Welcome to the Toolkit on Using Small Area Estimation for SDGs!
In committing to the realization of the 2030 Agenda for Sustainable Development, Member States recognized that the dignity of the individuals is fundamental and that the Agenda’s Goals and targets should be met for all nations and people and for all segments of society. Ensuring that these commitments are translated into effective action requires a precise understanding of the target populations and progress made in addressing their particular priorities.
To properly measure this, statistics need to be presented for different population groups and geographical areas. The Sustainable Development Goal (SDG) indicator framework has included an overarching principle of data disaggregation: SDG indicators should be disaggregated, where relevant, by income, sex, age, race, ethnicity, migratory status, disability and geographic location, or other characteristics, in accordance with the Fundamental Principles of Official Statistics.

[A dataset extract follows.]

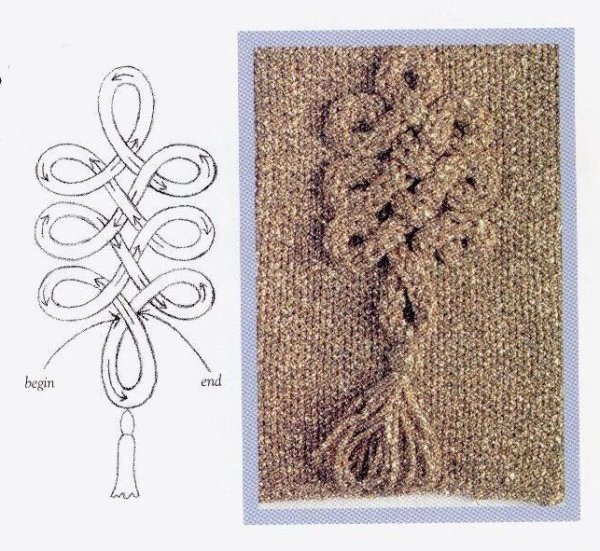 Узоры макраме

As sound statistical methods are vital to overcome this challenge, Small Area Estimation constitutes an important topic in the way forward. It covers a variety of methods used to produce survey based estimates for geographical areas or domains of study in which the sample sizes are too small, or even absent, to provide valid estimates. In order to obtain reliable estimates, additional datasets are generally brought to bear upon the process through a modelling procedure.
To enable national statistical offices to estimate disaggregated indicators, guidelines are needed to support the process. The idea of writing guidelines on how to use statistical methods and, in particular small area estimation (SAE), to receive disaggregated statistical indicators is not new. Some focus on methodological aspects, others provide methodology in a specific program language or focus on a specific topic as poverty mapping. Usability of SAE for official statistics has also been carried out over the past 10 years. So how do these guidelines differ from the existing work?
The SAE4SDG Toolkit in Wiki is a space to provide information on methods to produce disaggregated data through small area estimation. It aims to complement and use the existing methodological work and case studies to encourage and enable national statistical offices to employ SAE for the monitoring of the SDGs. The Toolkit will be an evolving project/document that will incorporate newly available methods, case studies and practical examples in future versions. The Toolkit also focuses on key steps to help countries in moving from SAE experiment to official data production. Finally, the Toolkit aims to be a space for partners to document and include references for their work on small area estimation.